Work order - Required from the data below: the exact lines starting at the line containing "TLD23823ETXUMA1 IC LEDD" and ending at the line containing "BoxLunch Wicked Elphaba", with both ends kept and all pictures dropped.

(Captioned web images)
===

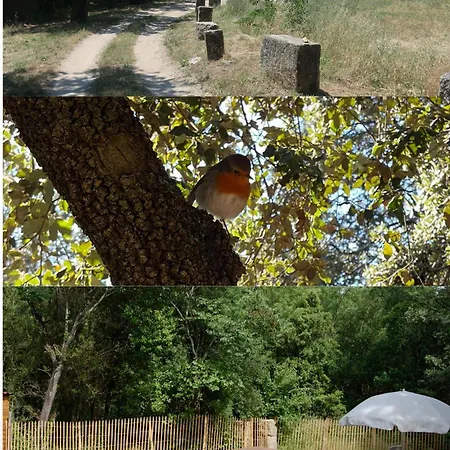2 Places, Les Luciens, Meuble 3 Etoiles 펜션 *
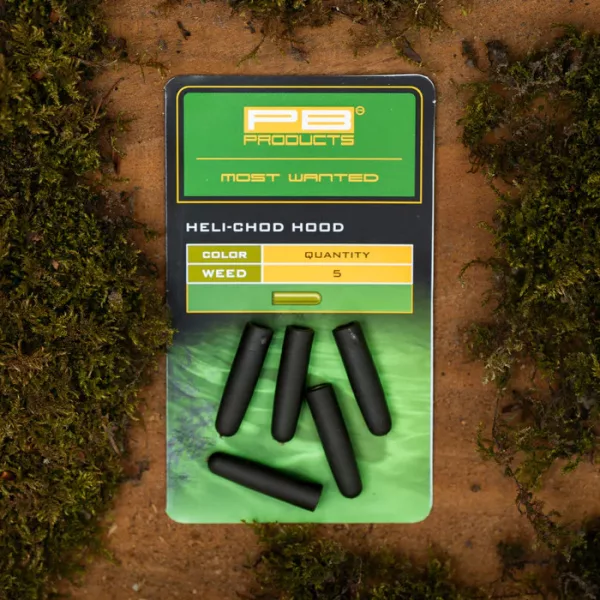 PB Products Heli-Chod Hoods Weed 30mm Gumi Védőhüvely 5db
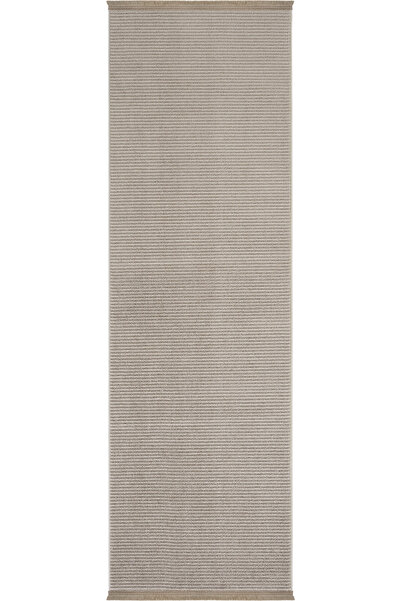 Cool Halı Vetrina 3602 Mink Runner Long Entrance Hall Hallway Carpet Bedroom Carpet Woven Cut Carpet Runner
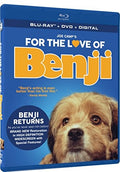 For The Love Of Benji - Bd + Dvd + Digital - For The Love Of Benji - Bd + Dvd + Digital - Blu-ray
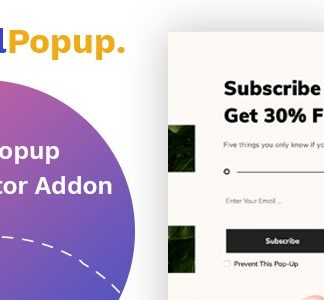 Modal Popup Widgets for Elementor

===

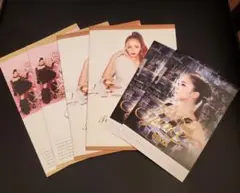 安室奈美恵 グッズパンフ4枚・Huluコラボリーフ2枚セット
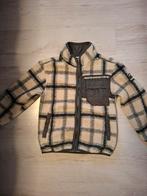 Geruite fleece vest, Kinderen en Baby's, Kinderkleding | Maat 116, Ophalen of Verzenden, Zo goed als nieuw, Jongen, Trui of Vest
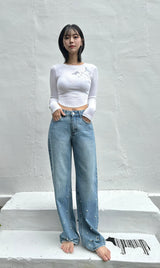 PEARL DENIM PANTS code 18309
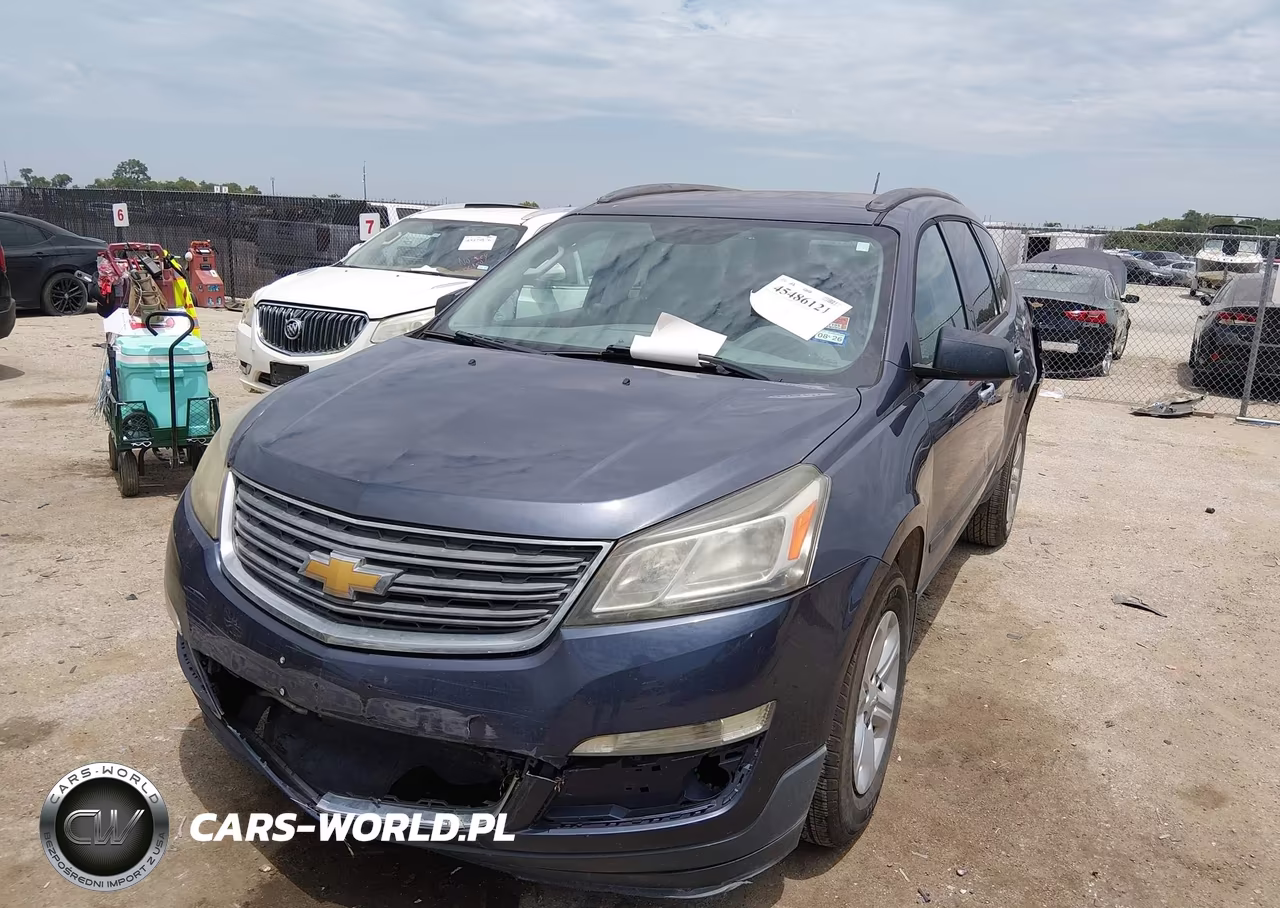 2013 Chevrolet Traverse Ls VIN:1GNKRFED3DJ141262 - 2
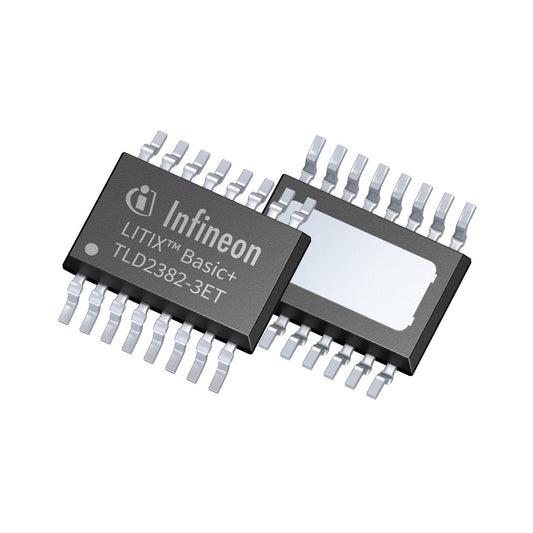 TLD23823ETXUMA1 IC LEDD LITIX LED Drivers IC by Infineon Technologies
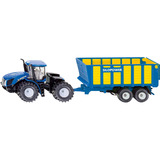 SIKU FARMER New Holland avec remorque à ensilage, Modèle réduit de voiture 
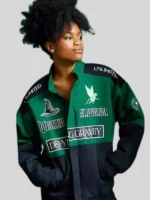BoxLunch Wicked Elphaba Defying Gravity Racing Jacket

===

Reply to the exercise -
 TLD23823ETXUMA1 IC LEDD LITIX LED Drivers IC by Infineon Technologies
 SIKU FARMER New Holland avec remorque à ensilage, Modèle réduit de voiture 
BoxLunch Wicked Elphaba Defying Gravity Racing Jacket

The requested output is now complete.